The medium hesitated a second. "Perhaps I shouldn't be revealing this," she said, "but it troubles me and you did ask for my help. I hope you will keep it confidential."
"Of course."
"I saw my husband, Frank, in the room with the cat."
The two women looked at me expectantly. That they were attempting to manipulate me I had no doubt. There was no alternative but to play along. I'm good at acting the simp; it just seems to come naturally.
"That is a shocker," I said. "What on earth do you suppose he was doing there?"
"I don't know," she wide-eyed me. "Do you suppose he had anything to do with the catnapping?"
The greatest actress since Duse.
"Why don't you ask him?" I suggested.
"I've got to be completely honest with you, Archy," she started-and my antennae stiffened. When people say that to you it's time to button your hip pocket to make certain your wallet is secure. "Frank has an awful temper," she went on. "I'm afraid of angering him. He can become quite physical."
"The brute beats her," Meg said wrathfully.
"Not exactly," Hertha said. "But he has struck me on occasion."
I was terribly tempted to remark that if she was truly a seeress she would foreknow the blows in time to duck. I said nothing of the sort of course. I said, "Dreadful."
"So you see I can't ask Frank about it," the medium said sorrowfully. "But I hope it may help you recover the cat."
"I'm sure it will," I said. "And I thank you for being so cooperative."

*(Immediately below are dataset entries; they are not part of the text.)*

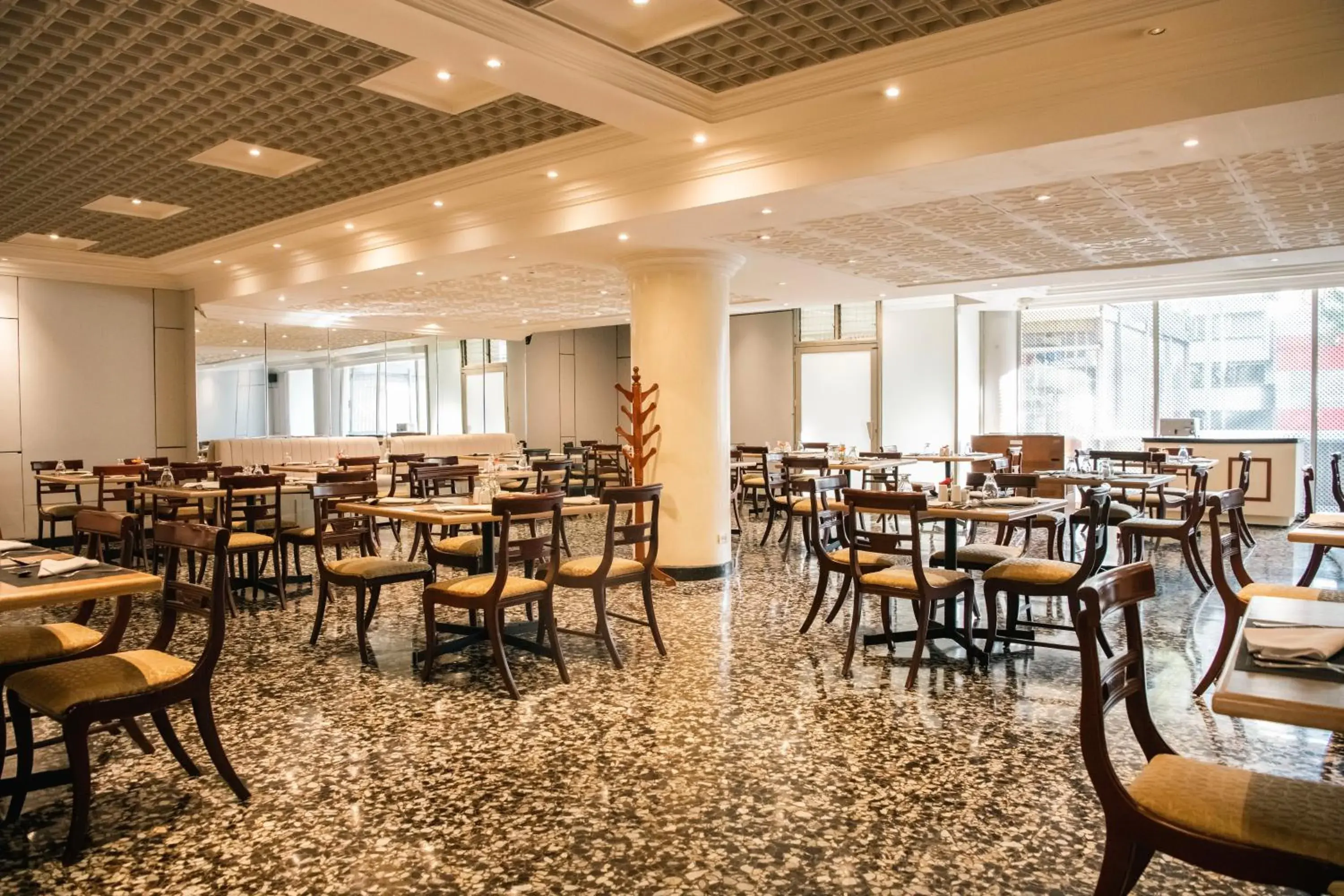 Restaurant/places to eat in Hotel Dann Av. 19 Restaurant/places to eat in Hotel Dann Av. 19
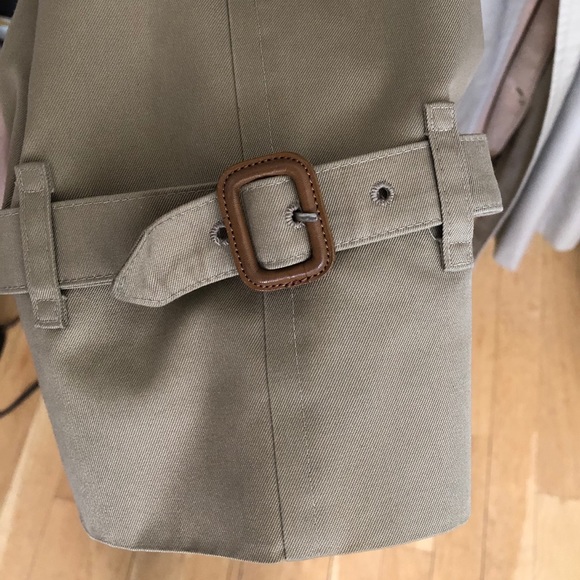 Men’s Burberry trench coat - Picture 3 of 8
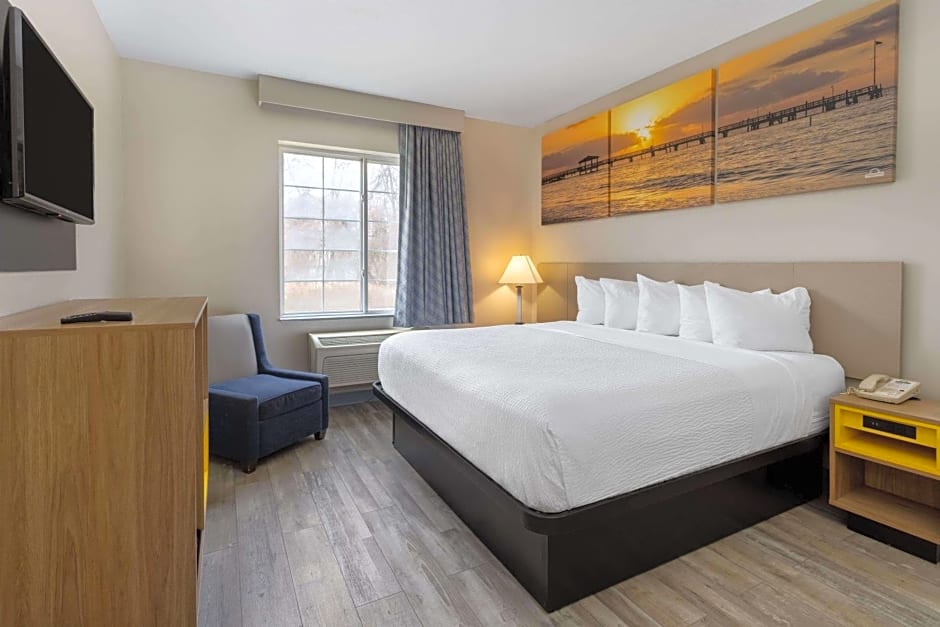 Days Inn & Suites by Wyndham Cherry Hill - Philadelphia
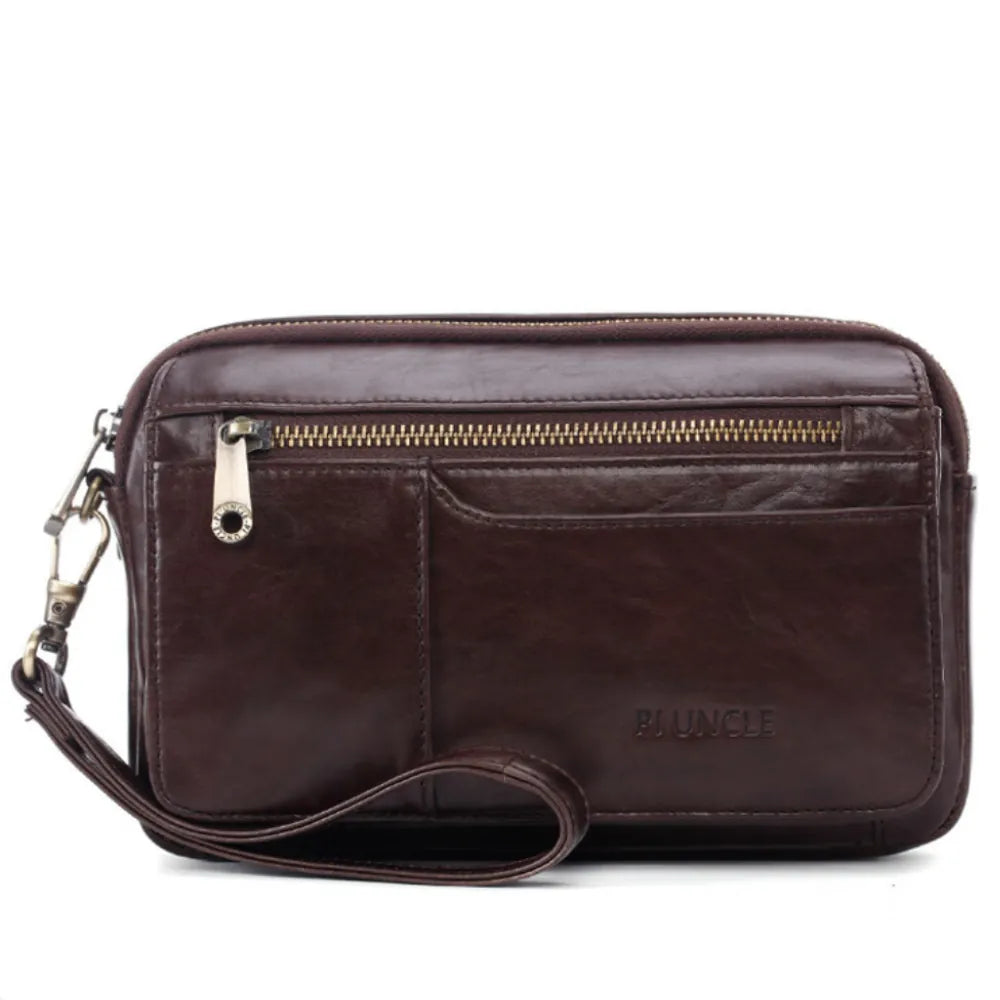 Photo de devant de la trousse de toilette en cuir de chez la marque pi uncle modèle marron
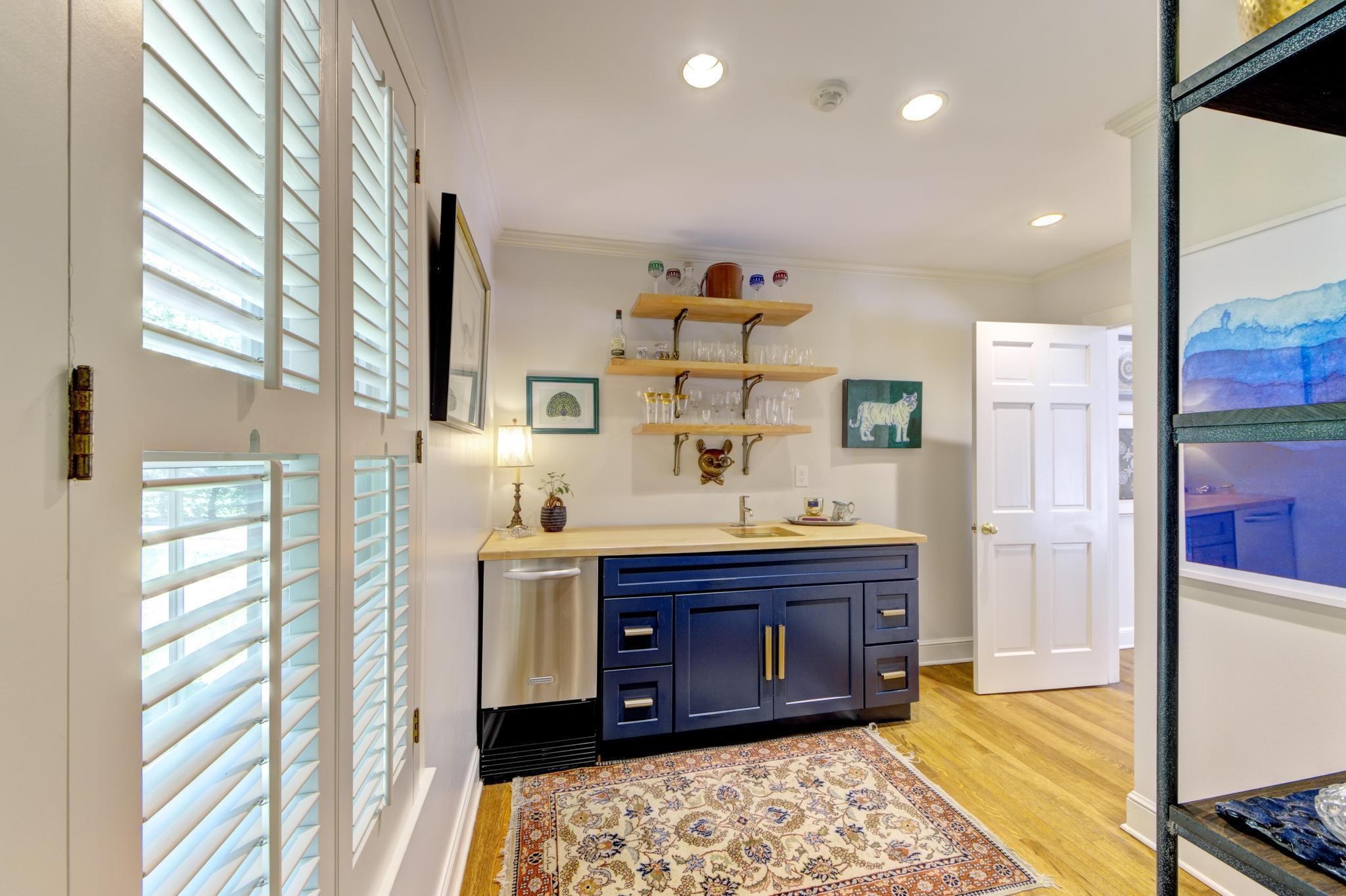 370 Greenway Road Memphis, TN 38117 - Photo 10 of 40 Gallery Image 10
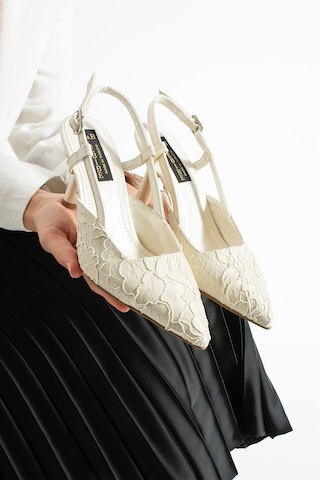 Lebibe Shoes Lısa Kadın Ekru Sivri Burun 7 Cm Topuklu Çiçek Dantel Desenli Rugan Slingback Ayakkabı
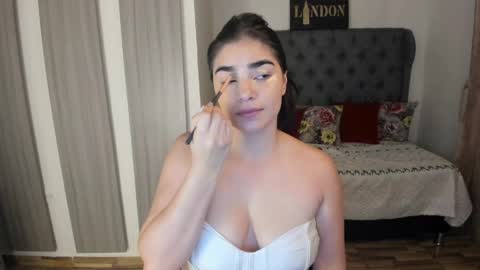 Snapshot of caitlingomez0 chatting on March 31, 2026, 10:26 am caitlingomez0 online show from March 31, 2026, 10:26 am
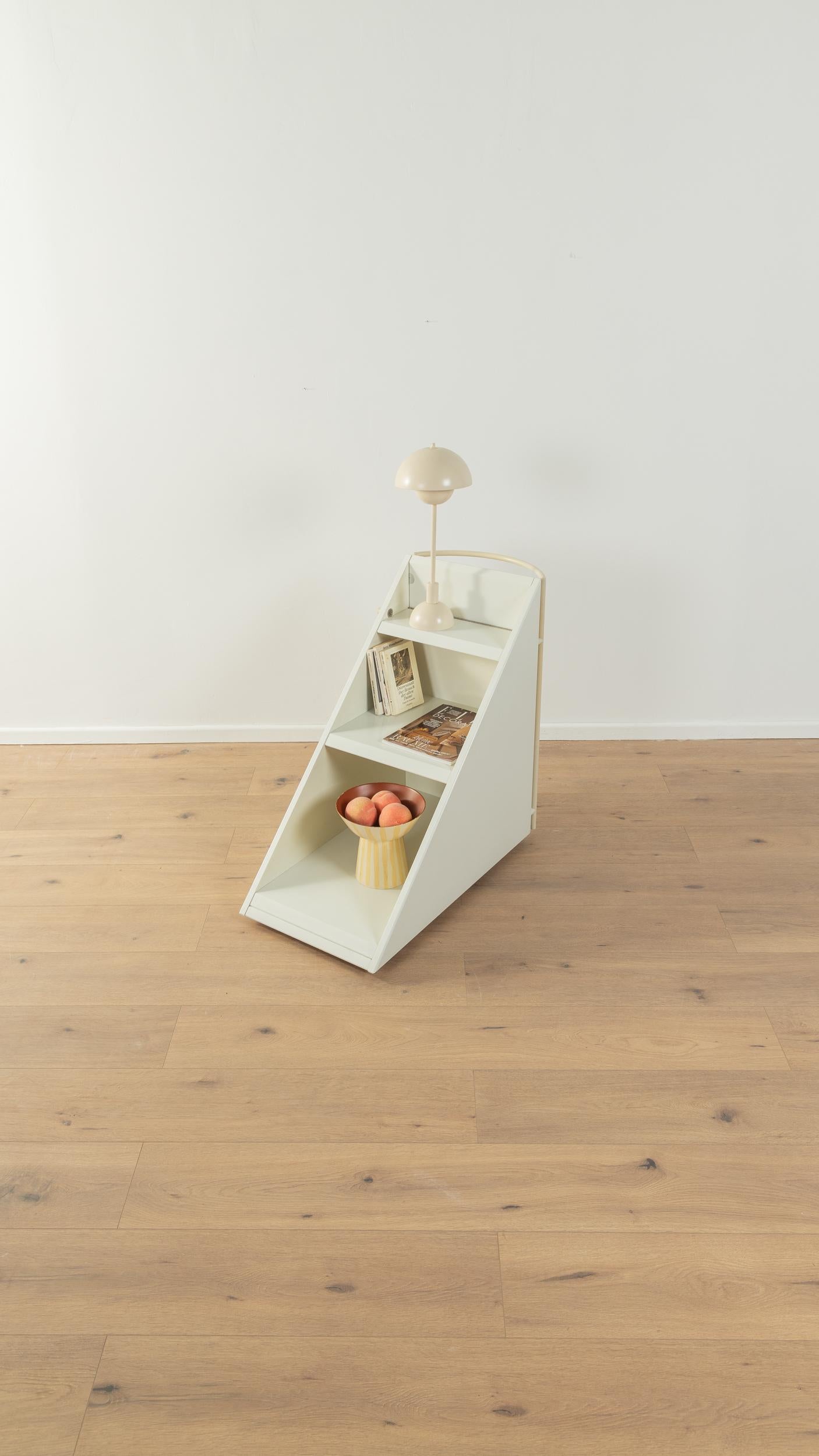 Fin du 20e siècle Table d'appoint postmoderne de Peter Maly pour Interlübke en vente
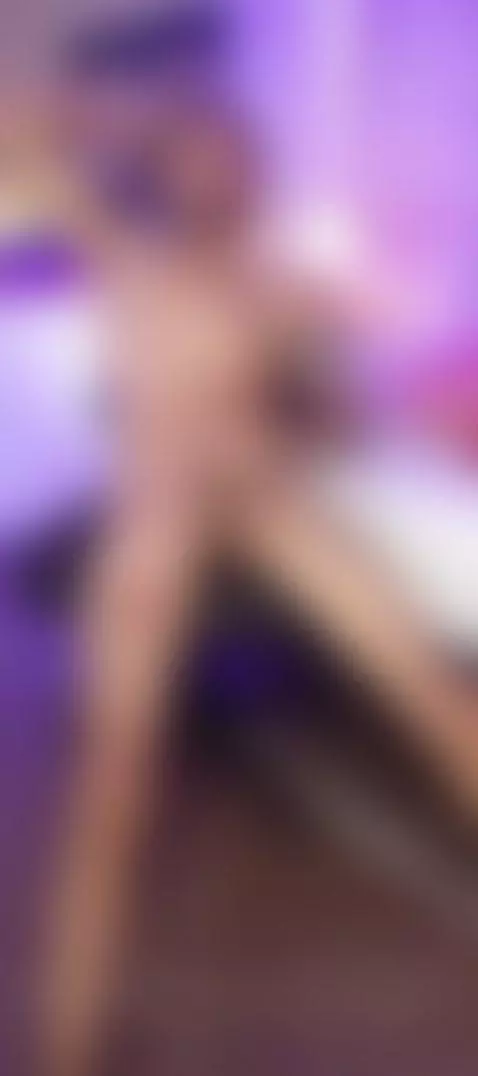 You should come see what's happening on my broadcast 😏🔥 (lin... by jonas-conor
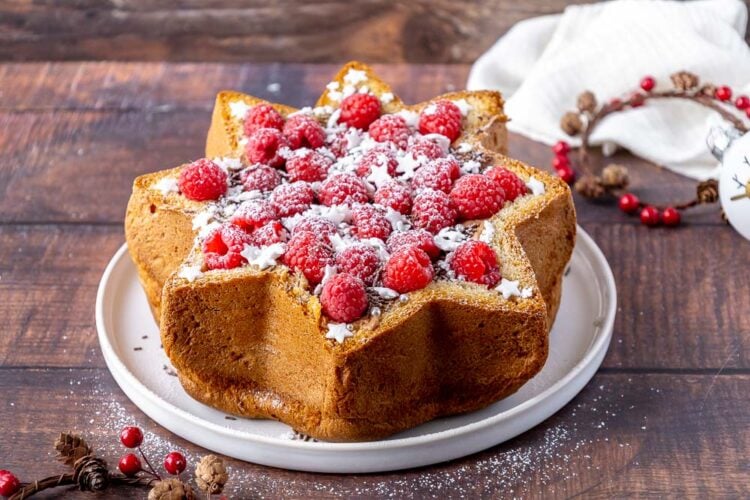 Stella di pandoro con crema al cioccolato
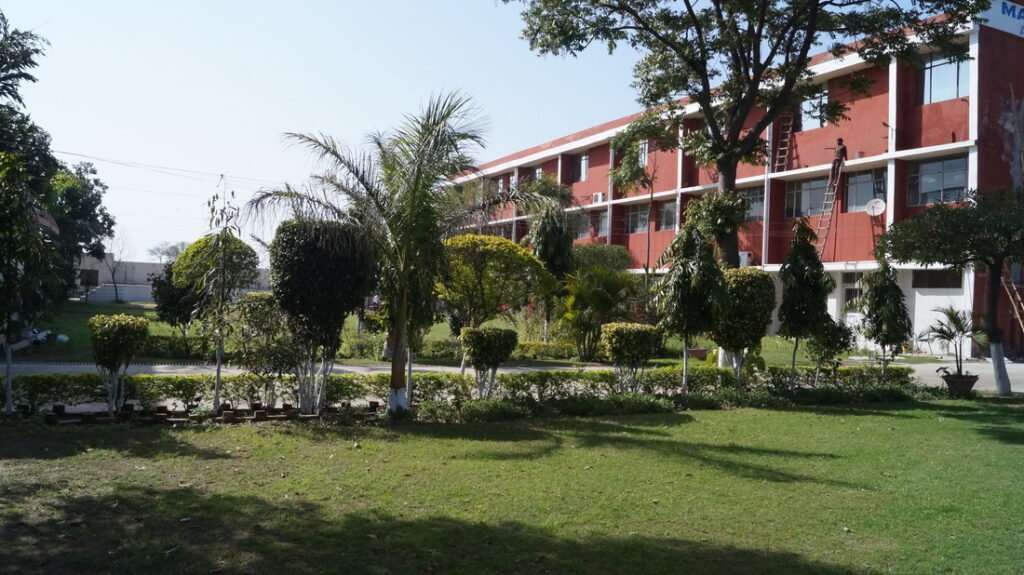 Sri Guru Harkrishan College of Management and Technology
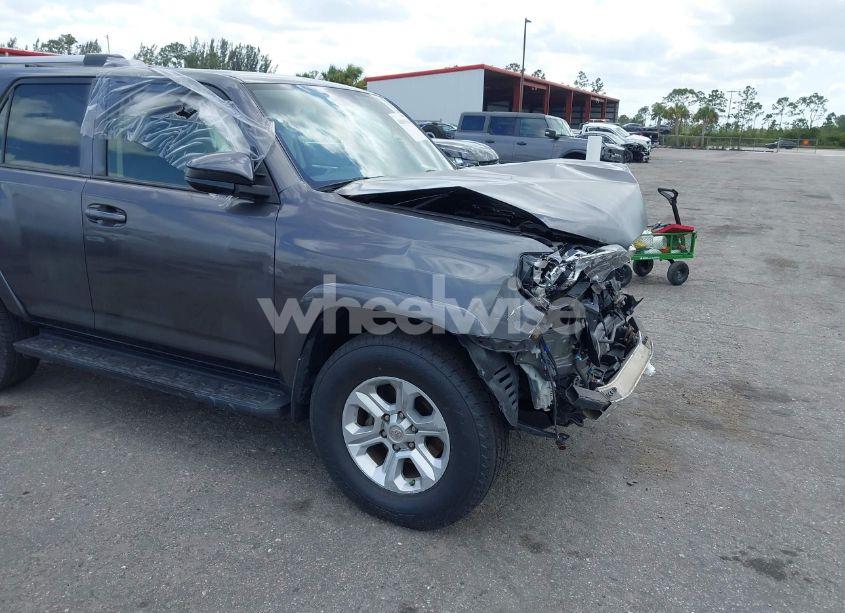 Photo 6 of 2019 Toyota 4runner SR5 (VIN JTEBU5JRXK5638880)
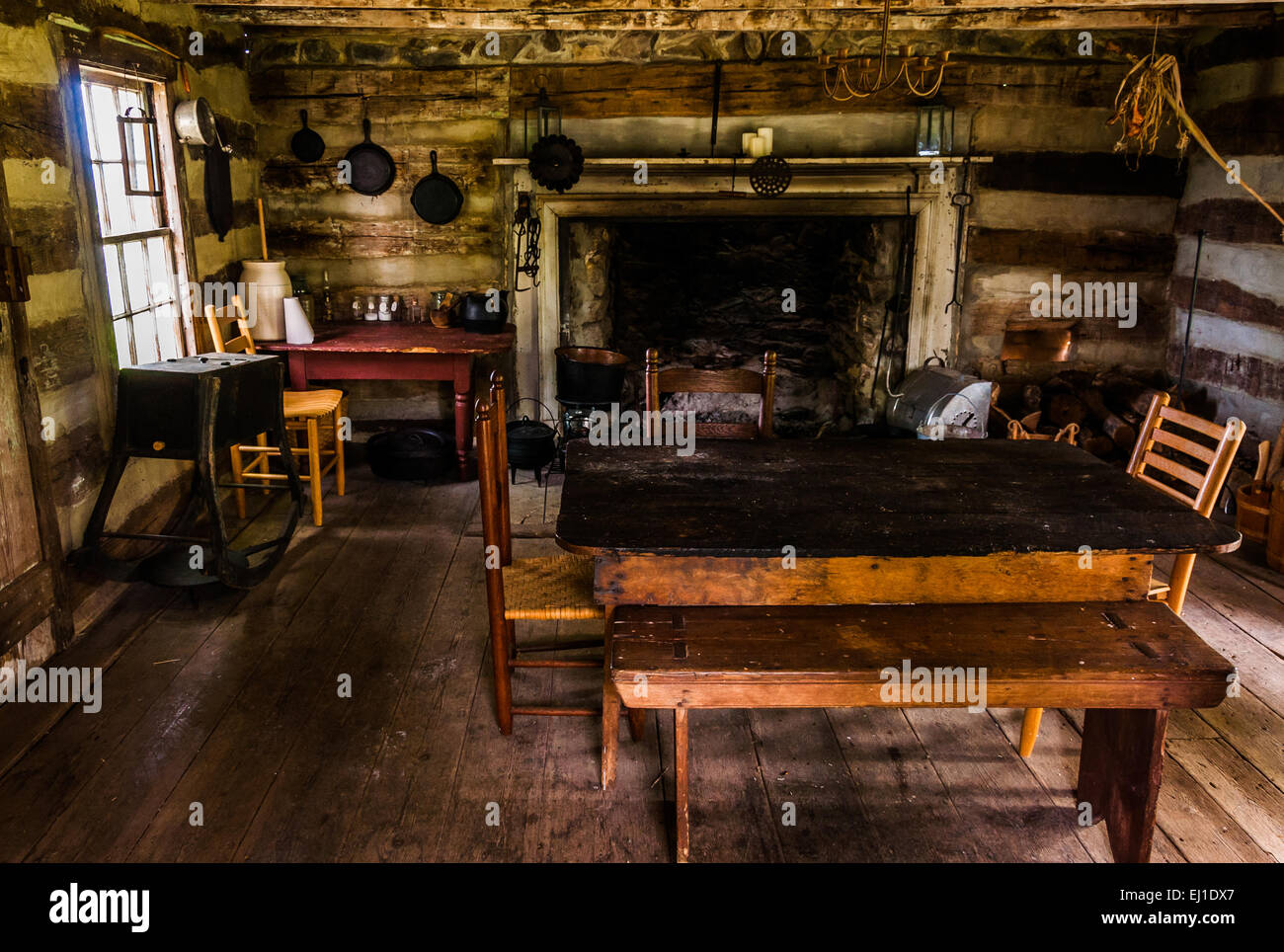 Innenraum einer historischen Blockhütte in Himmel Wiesen Staatspark, Virginia. Stockfoto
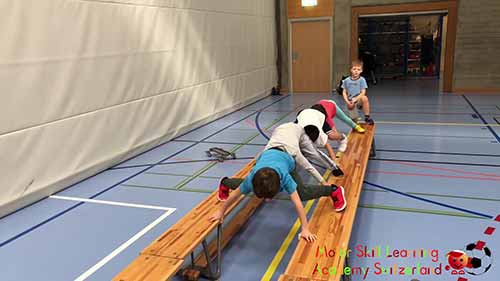 20个简单的幼儿园体育课活动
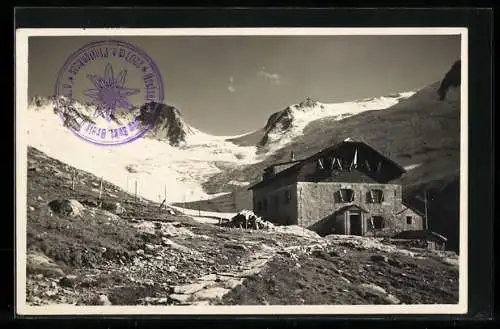 AK Floittenkees /Zillertal, Greizerhütte vor verschneiten Gipfeln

I finished my beer (sadly, only an 8-oz. can) and bid the ladies adieu. They were both looking at me thoughtfully when I left the apartment.
I drove home slowly, reflecting on what I had just been told. It was obvious the two women had compared notes, and Hertha now knew the original reason I had given her for wanting to find Peaches was false. She was aware the cat had been snatched and I had been employed to find it. That much was clear.
What wasn't quite so apparent was how she knew the missing feline was presently incarcerated in a motel cabin. Either she was telling the truth and had seen the cat and Frank in a psychic vision or she had overheard conversation at home revealing the cat's whereabouts and Frank's guilt.
But then I realized how she knew was unimportant. What was vital was that she was intent on implicating her husband. The story of the physical abuse she suffered at his hands might or might not be true. But I felt Hertha had a deeper motive for wanting her spouse apprehended and perhaps tucked away for an appreciable period in the clink.